[[ Data shown, beginning ]]
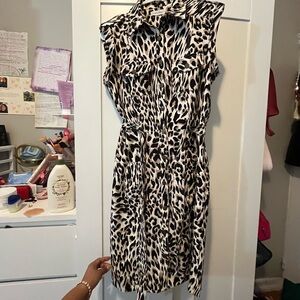 CALVIN KEINA Leopard Print Sleeveless Dress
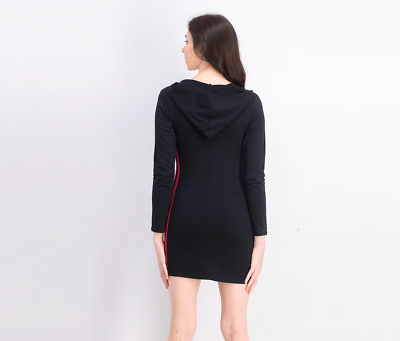 Material Girl Womens Varsity Stripe Sweater Dress, Black, Medium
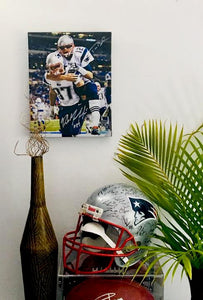 Rob Gronkowski and Tom Brady NE Patriots Facsimile Autograph 11x14 Canvas Print Wall Art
[[ Data shown, end ]]
◆ Goal of the exercise
Set aside the pictures. Then return every line of the material above verbatim.

◆ Worked solution
 CALVIN KEINA Leopard Print Sleeveless Dress
 Material Girl Womens Varsity Stripe Sweater Dress, Black, Medium
 Rob Gronkowski and Tom Brady NE Patriots Facsimile Autograph 11x14 Canvas Print Wall Art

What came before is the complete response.